4. adjacency definition#

classical percolation: 4-neighbor or 8-neighbor on grid.

semantic options:

grid neighbors (same as now, but positions are entity-derived)
co-occurrence (entities mentioned in same post are adjacent)
reply chains (entities in reply threads are connected)

co-occurrence is interesting because it creates semantic edges, not spatial ones. but then we're not doing site percolation on a lattice - we're doing something more like bond percolation on a graph.

hybrid approach: grid for visualization, but spanning detection uses co-occurrence graph. "percolation" = connected component in co-occurrence graph reaches threshold size.

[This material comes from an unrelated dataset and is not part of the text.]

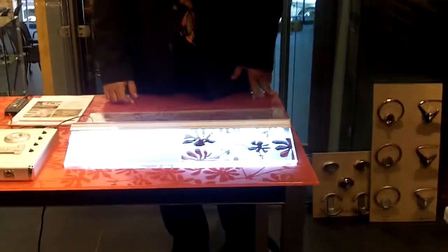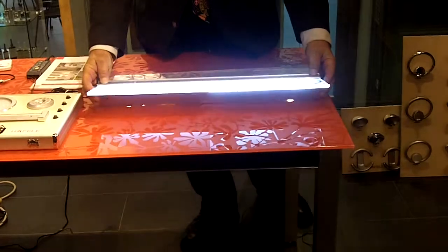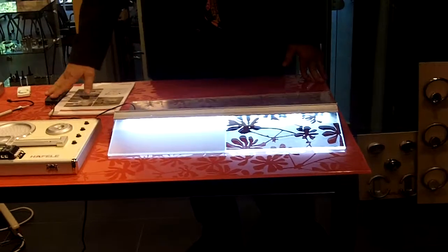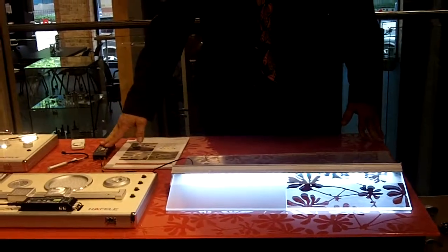Hi, Steve from Haefele from the beautiful Chicago showroom again. I wanted to show you one more product. It's a glass lit shelf light. It comes in a couple different sizes, a couple different glass configurations. It plugs into our Loox lighting system. It's available exclusively at Haefele.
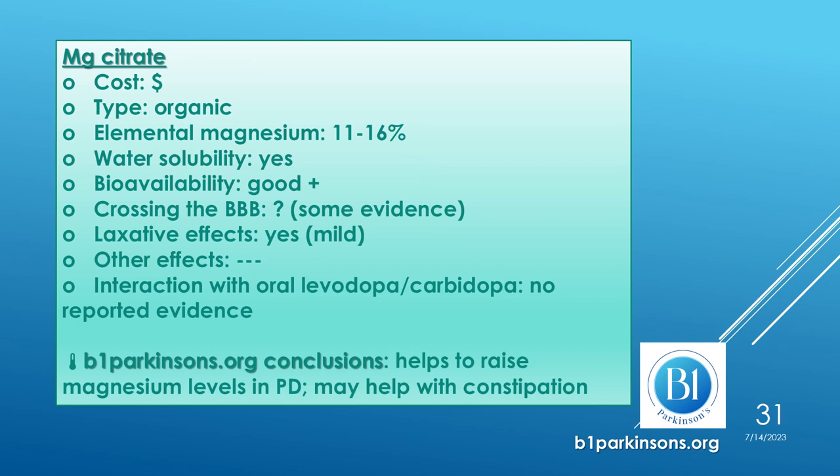Last, we have magnesium citrate, a very popular form because it has good bioavailability, good absorption and delivery to target organs, and also some mild laxative effects which are welcomed by persons with Parkinson's in whom constipation is a major symptom affecting quality of life. b1parkinsons.org concludes that it helps raise magnesium levels in Parkinson's and may also help with constipation.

5. infrastructure changes#

good news: turbostream already gives us post content. looking at music-atmosphere-feed:

const post_record = commit.object.get("record") orelse return error.NotAPost;
const hydrated = record_obj.get("hydrated_metadata");

turbostream provides:

commit.record - full post record including text field
hydrated_metadata - quoted/parent post content

coral's turbostream.zig already receives this - we just discard it and only use did + rkey for hashing. the text is right there.

backend additions needed:

extract record.text from turbostream messages (trivial - data already available)
spaCy integration for NER (python sidecar or API)
entity → position mapping
co-occurrence tracking (optional)

spaCy integration options:

python sidecar service - zig sends text over unix socket or HTTP, python returns entities
rewrite backend in python (simpler integration, but slower websocket handling)
external NER API (cost, latency, but zero infra)
pure zig via ONNX runtime - export model to ONNX, use onnxruntime.zig + C++ tokenizer

benchmarked (see bench/):

measured firehose rate: ~60 posts/sec
spaCy en_core_web_sm on CPU: ~1200 docs/sec
spaCy en_core_web_md on CPU: ~1350 docs/sec
headroom: 20x - python sidecar is viable

decision: proceeding with option 1 (python sidecar). 20x headroom means IPC overhead won't matter. option 4 (pure zig/ONNX) is possible but requires more integration work for marginal benefit - revisit if python becomes a bottleneck.

open questions#

entity stability: how do we handle entity variations? "Bluesky", "bluesky", "bsky" - same entity? need normalization or clustering.
what's the "phase transition"?: in random percolation, p_c is universal. in semantic percolation, is there a natural threshold where topic attention suddenly connects into a spanning cluster?
visualization: do we show raw entity activity, or interpret it? (e.g., label regions, show entity names on hover)
multiple languages: spaCy has models for other languages. do we need multi-language support? (probably yes for ATProto)

implementation status#

phase 1: python NER sidecar ✓#

ner/server.py - HTTP service with POST /extract endpoint
returns {entities: [{text, label, start, end}]}
uses en_core_web_sm for speed (~1200 docs/sec)
filters to useful entity types (PERSON, ORG, GPE, PRODUCT, EVENT, WORK_OF_ART, FAC, NORP, LOC)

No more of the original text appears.